Yes, and it helps to not have run them for 8 hours before shooting . Shoot one first thing in the AM and get it on ice asap and you will have some great table fare.

-DallanC


----------



## johnnycake (Jul 19, 2011)

That is a great goat! One of the rare ones I bet that get to have three mass measurements below the prongs!


----------



## stillhunterman (Feb 15, 2009)

Gotta love it! One of these years... Thanks for posting up.


----------



## High Desert Elk (Aug 21, 2012)

Buckfinder said:


> Wow nice one! What state?


New Mexico.


----------



## AF CYN (Mar 19, 2009)

Lots of character on that buck! Nice job!


----------



## High Desert Elk (Aug 21, 2012)

goofy elk said:


> Awesome!
> I had a really good one at 70 yards this morning. Didn't take the shot.
> But I'm archery hunting


Yeah, we cheated with the boomstick. We saw this guy last weekend while scouting and he wasn't a 1/4 mile away from there.


----------



## High Desert Elk (Aug 21, 2012)

DallanC said:


> Yes, and it helps to not have run them for 8 hours before shooting . Shoot one first thing in the AM and get it on ice asap and you will have some great table fare.
> 
> -DallanC


Yep, "lobster of the prarie".


----------



## DallanC (Jan 13, 2009)

High Desert Elk said:


> Yep, "lobster of the prarie".


Oh yea, especially after Packout showed his method to dry age the loin. Amazing.

-DallanC


----------



## longbow (Mar 31, 2009)

Nice work HDE! I'm jealous. I sure love antelope meat.


----------



## High Desert Elk (Aug 21, 2012)

DallanC said:


> Oh yea, especially after Packout showed his method to dry age the loin. Amazing.
> 
> -DallanC


Going to try that if I pop a couple of antelope does in Oct for sure.


----------



## Slap That Quack (Mar 2, 2017)

Sweet goat!


----------



## High Desert Elk (Aug 21, 2012)

Dadgummit!! Alright, who put the fresh sliced antelope heart in the cast iron skillet!?!?


----------



## CPAjeff (Dec 20, 2014)

DallanC said:


> Oh yea, especially after Packout showed his method to dry age the loin. Amazing.
> 
> -DallanC


By chance, do you have a link to the thread where he revealed this secret? I've tried using the search engine but have came up empty.


----------



## Wasatch Wings (Sep 29, 2015)

Looks absolutely delicious!


----------



## matt (Sep 18, 2017)

Great goat!!


----------



## Roboz (May 30, 2018)

Awesome! love that mass!


----------



## MadHunter (Nov 17, 2009)

Very cool lope.
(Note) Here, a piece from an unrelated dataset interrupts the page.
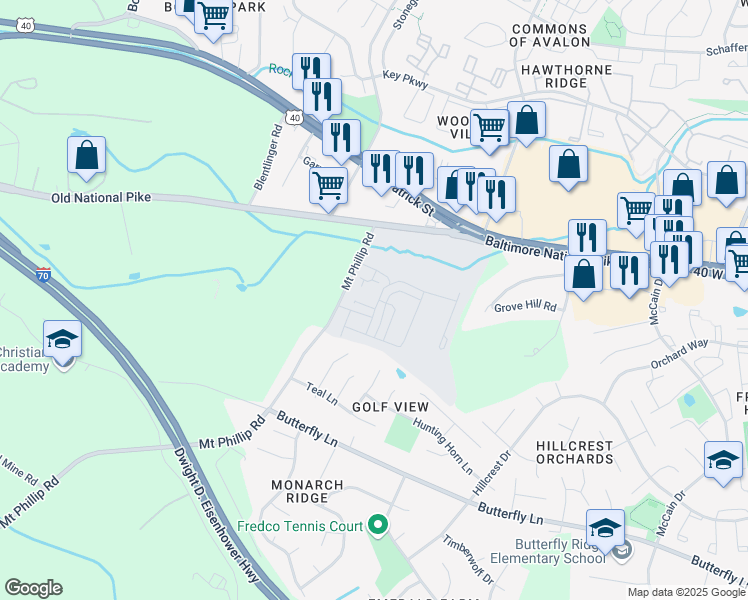 map of restaurants, bars, coffee shops, grocery stores, and more near 1547 Wilmer Park lane in Frederick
Congrats to you guys.


----------



## Hoopermat (Dec 17, 2010)

Nice goat. Congrats


----------



## pollo70 (Aug 15, 2016)

Congrats...Nice Goat !


----------



## High Desert Elk (Aug 21, 2012)

Thanks all. Antelope are fast approaching a favorite of mine to hunt.


----------



## colorcountrygunner (Oct 6, 2009)

That .270 WSM sure is a sweet little cartridge, isn't it? What type of ammo did he shoot it with?


----------



## High Desert Elk (Aug 21, 2012)

colorcountrygunner said:


> That .270 WSM sure is a sweet little cartridge, isn't it? What type of ammo did he shoot it with?


140 gr Accubond.


----------